Skip all pictures; return exactly the lines from the one containing "NHS vs Eisenhower" through the end of the data.

┏━━

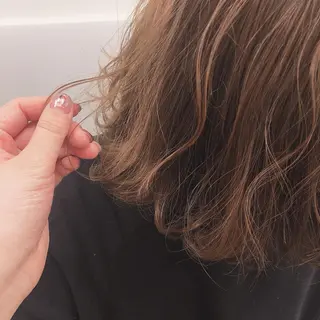 ショート 顔周りの垢抜けヘア 立山愛梨のヘアスタイル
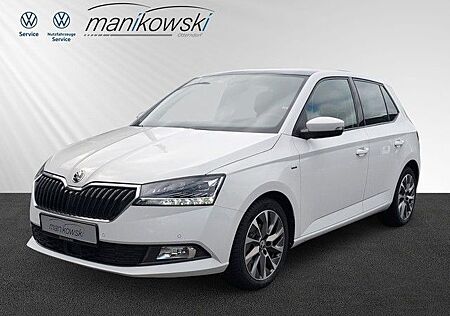 Skoda Fabia 1.0TSI Clever LED+Kamera+Panorama ACC+Smar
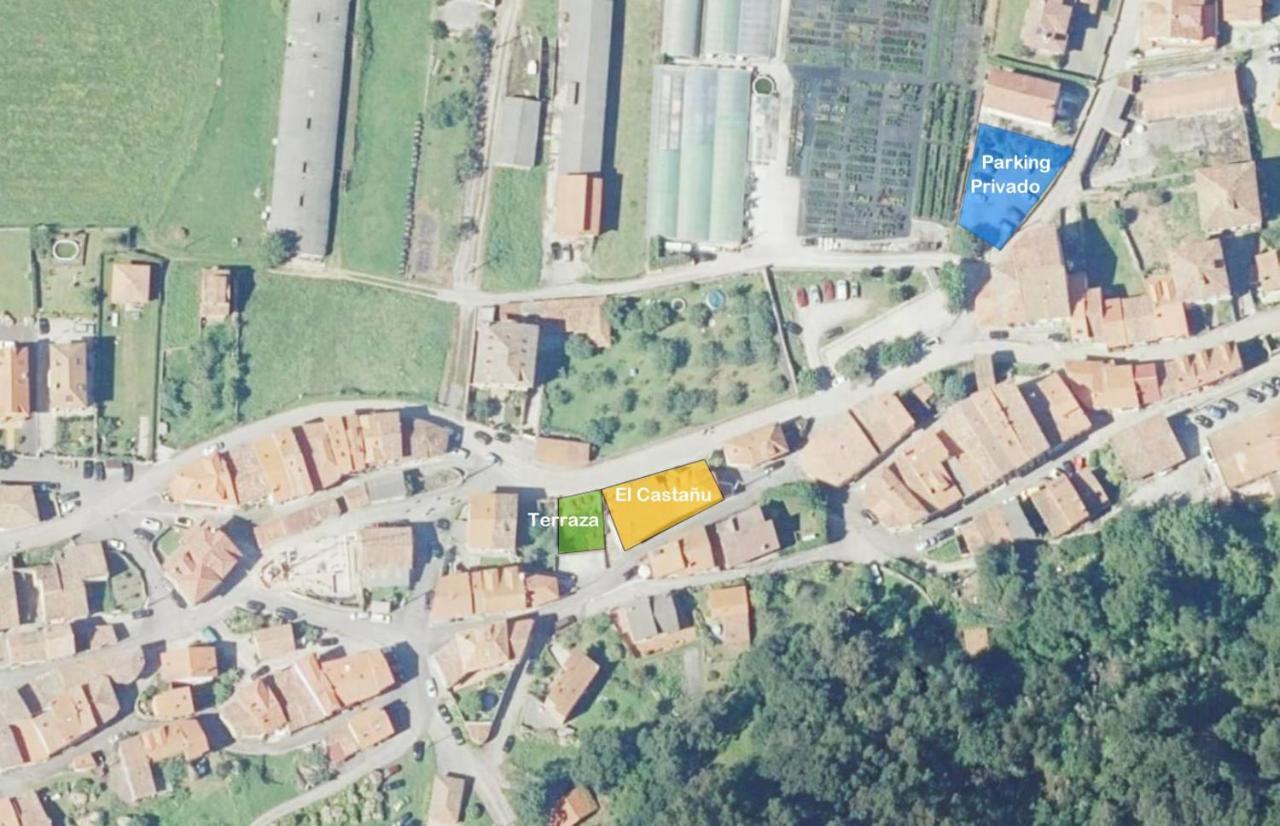 Pensión El Castañu, *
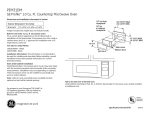 GE PEM31DM User's Manual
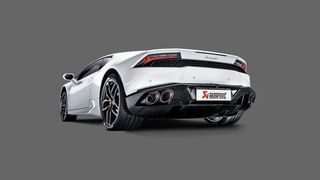 AKRAPOVIC Lamborghini Huracán LP 610-4 Coupé/Spyder Original εξάτμιση τιτανίου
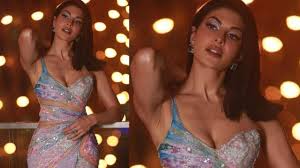 Jacqueline Fernandez flaunts her cleavage in multi-coloured gown at IIFA  Rocks 2023, see bold photos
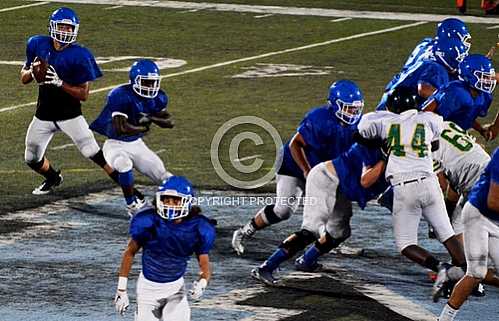 NHS vs Eisenhower Eagles  8 20 2015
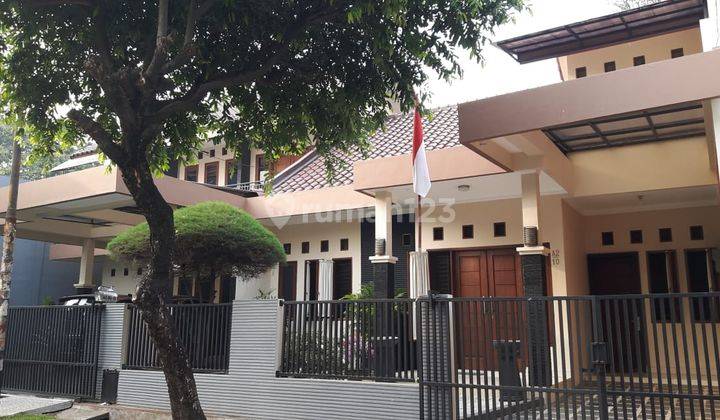 RUMAH SIAP HUNI DI KEMANG PRATAMA 3 BEKASI ASRI DAN NYAMAN 2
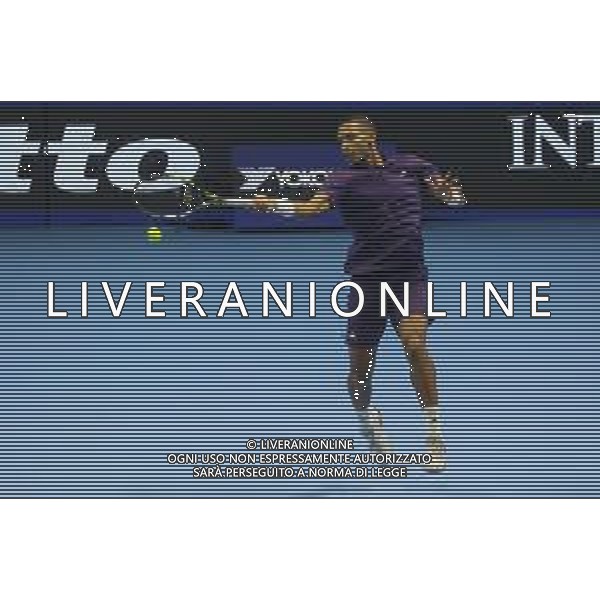 TVRCOR Tennis Nitto Atp Finals 2025 Inalpi Arena Torino 12-11-2025 Round Robin singolare Ben SHELTON (USA) vs Felix AUGER-ALIASSIME (CAN) nella foto Felix AUGER-ALIASSIME (CAN) ©TVRCOR Roberta Corradin - Agenzia Aldo Liverani Sas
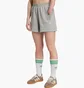 Шорты женские Adidas Essentials French Terry Shorts Grey IY7341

┗━━

_Response to the exercise_.
 NHS vs Eisenhower Eagles  8 20 2015
 RUMAH SIAP HUNI DI KEMANG PRATAMA 3 BEKASI ASRI DAN NYAMAN 2
 TVRCOR Tennis Nitto Atp Finals 2025 Inalpi Arena Torino 12-11-2025 Round Robin singolare Ben SHELTON (USA) vs Felix AUGER-ALIASSIME (CAN) nella foto Felix AUGER-ALIASSIME (CAN) ©TVRCOR Roberta Corradin - Agenzia Aldo Liverani Sas
 Шорты женские Adidas Essentials French Terry Shorts Grey IY7341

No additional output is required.